(Beginning of MATERIAL FOR THE TASK)
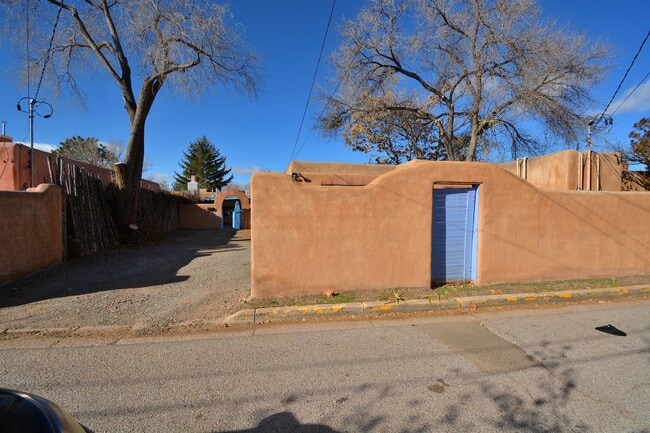 Building Photo - 142 Duran St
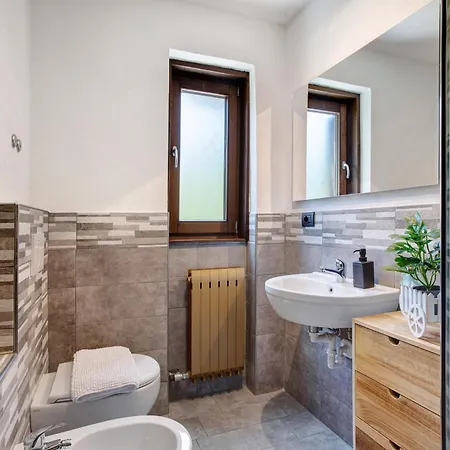 Maison Le Cre 4 *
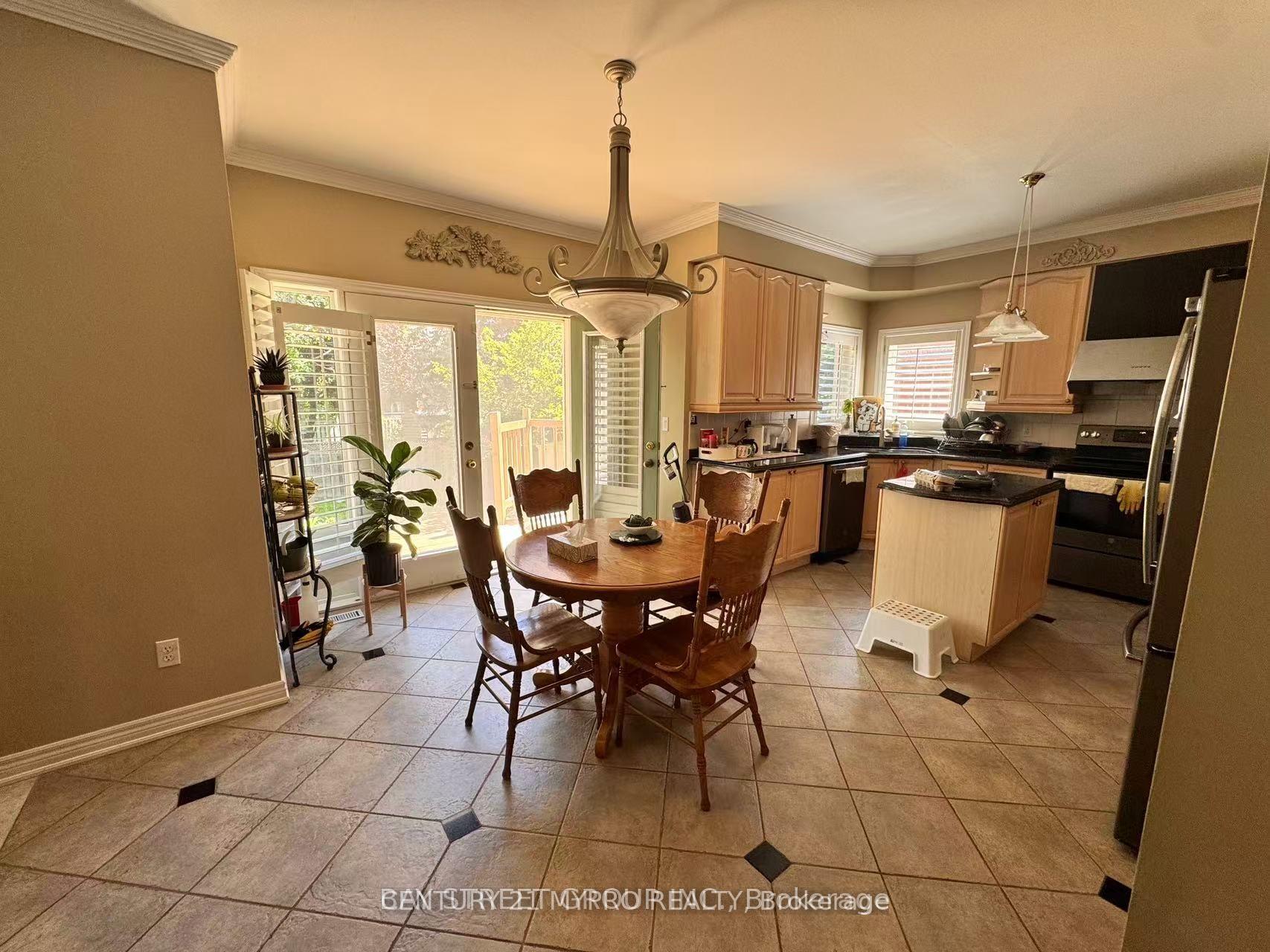 Photo 10 of 2179 North Ridge Trail, Oakville, Joshua Creek — HOMEH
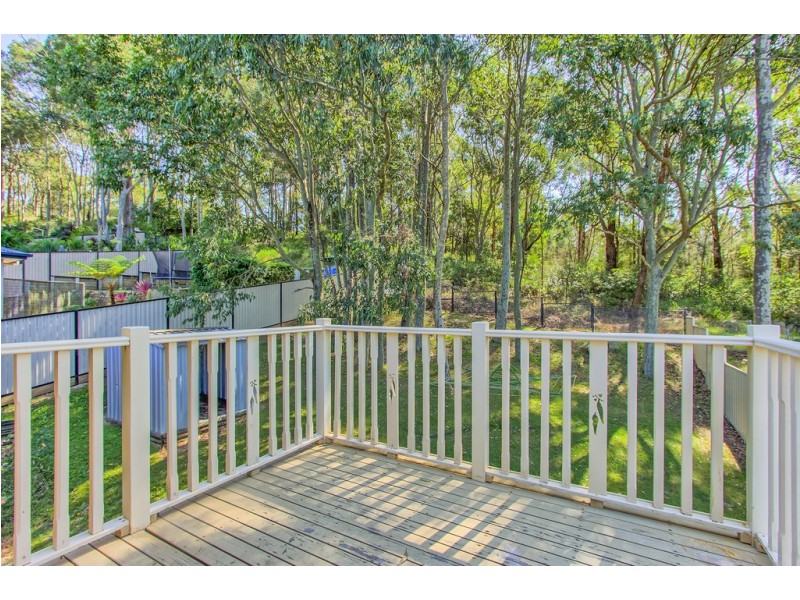 33 Platypus Road, Berkeley Vale NSW 2261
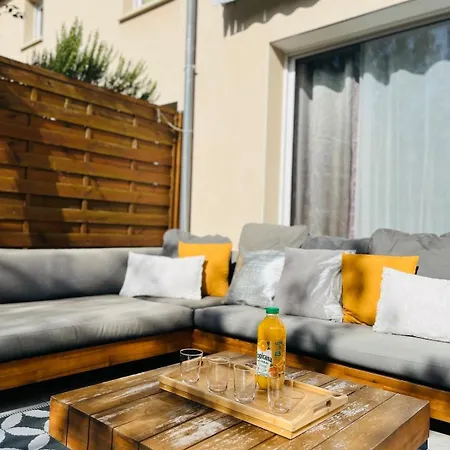 Casa Contemporaine Nyaraló Angers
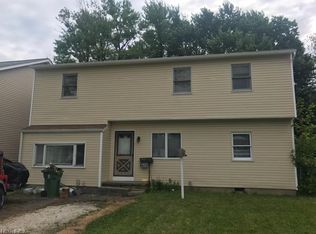 425 Quentin Rd, Eastlake, OH 44095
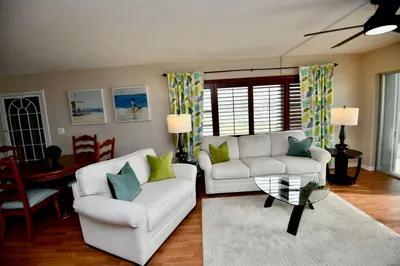 501 Lake Shore 301 Drive #301 1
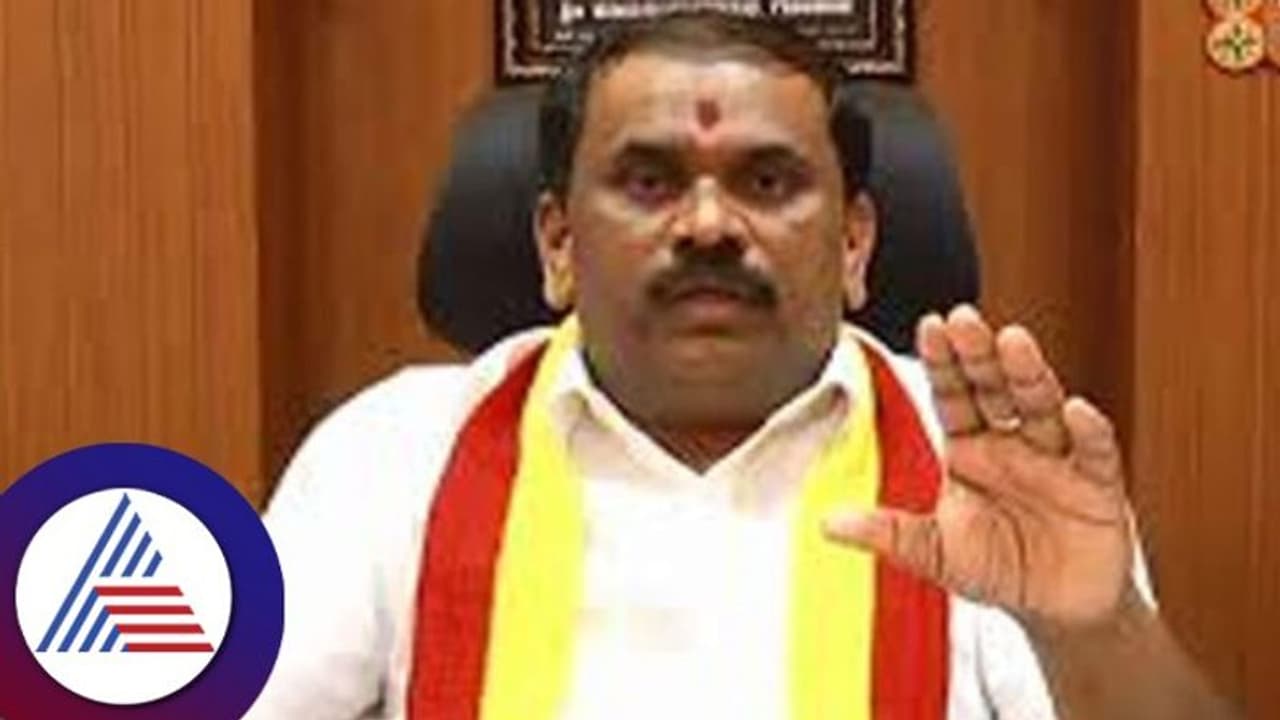 Cases against pro-Kannada activists: ಕನ್ನಡಕ್ಕಾಗಿ ಕೈ ಎತ್ತಿದ್ದಕ್ಕಾಗಿ ಬಿತ್ತು 2000 ಕೇಸ್! | More Than 2000 Cases Registered Against Pro Kannada Activists Cases against pro-Kannada activists: ಕನ್ನಡಕ್ಕಾಗಿ ಕೈ ಎತ್ತಿದ್ದಕ್ಕಾಗಿ ಬಿತ್ತು 2000 ಕೇಸ್! | More Than 2000 Cases Registered Against Pro Kannada Activists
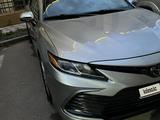 Toyota Camry 2021 года за 9 800 000 тг. в Актау – фото 2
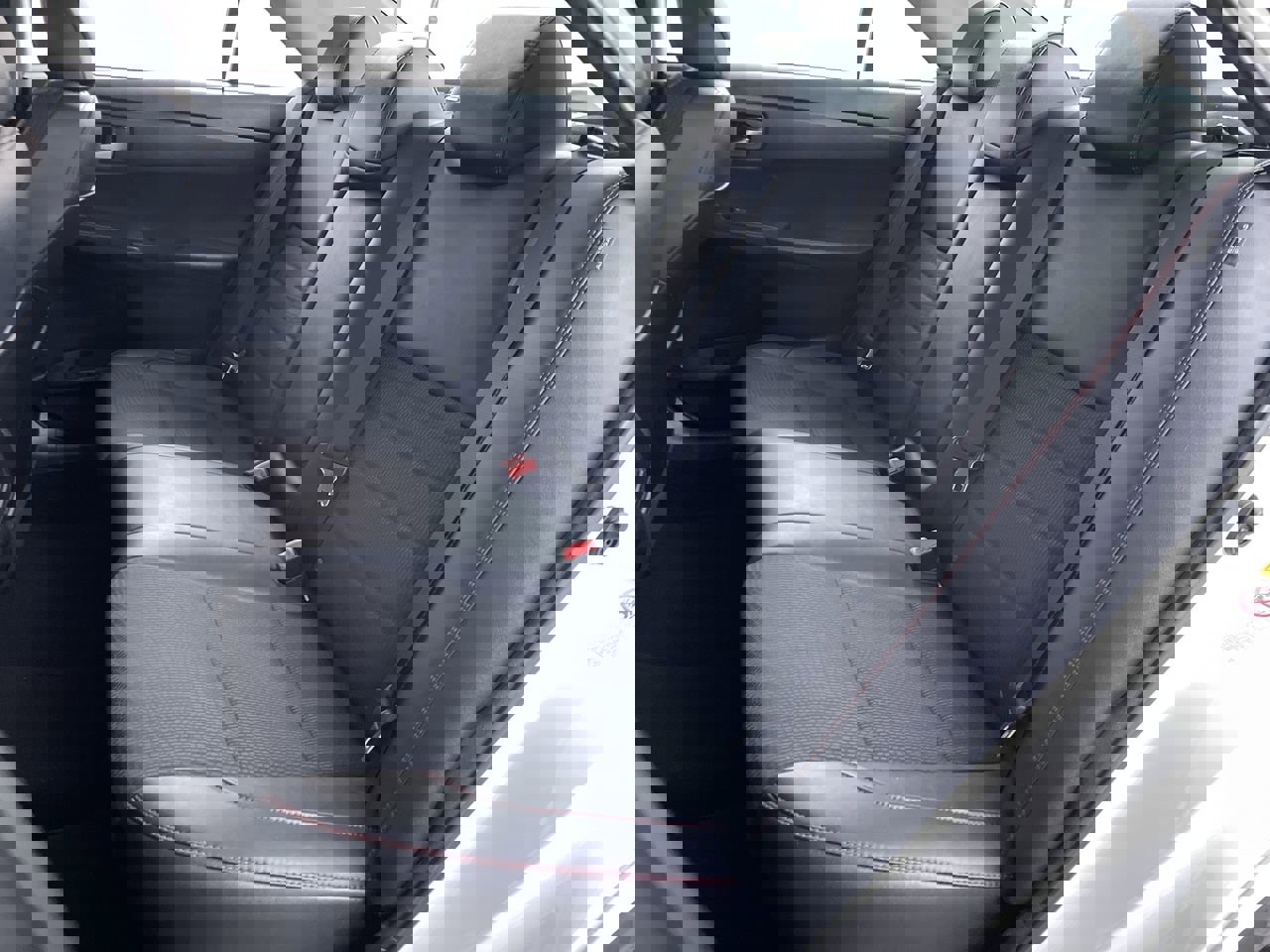 Used 2017 Toyota Camry SE image 20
(End of MATERIAL FOR THE TASK)
THE TASK: Your answer must consist only of the lines from the one containing "425 Quentin Rd, Eastlake, OH 44095" through the end of the entries, restated word for word, with no pictures.

TASK RESULT:
 425 Quentin Rd, Eastlake, OH 44095
 501 Lake Shore 301 Drive #301 1
 Cases against pro-Kannada activists: ಕನ್ನಡಕ್ಕಾಗಿ ಕೈ ಎತ್ತಿದ್ದಕ್ಕಾಗಿ ಬಿತ್ತು 2000 ಕೇಸ್! | More Than 2000 Cases Registered Against Pro Kannada Activists Cases against pro-Kannada activists: ಕನ್ನಡಕ್ಕಾಗಿ ಕೈ ಎತ್ತಿದ್ದಕ್ಕಾಗಿ ಬಿತ್ತು 2000 ಕೇಸ್! | More Than 2000 Cases Registered Against Pro Kannada Activists
 Toyota Camry 2021 года за 9 800 000 тг. в Актау – фото 2
 Used 2017 Toyota Camry SE image 20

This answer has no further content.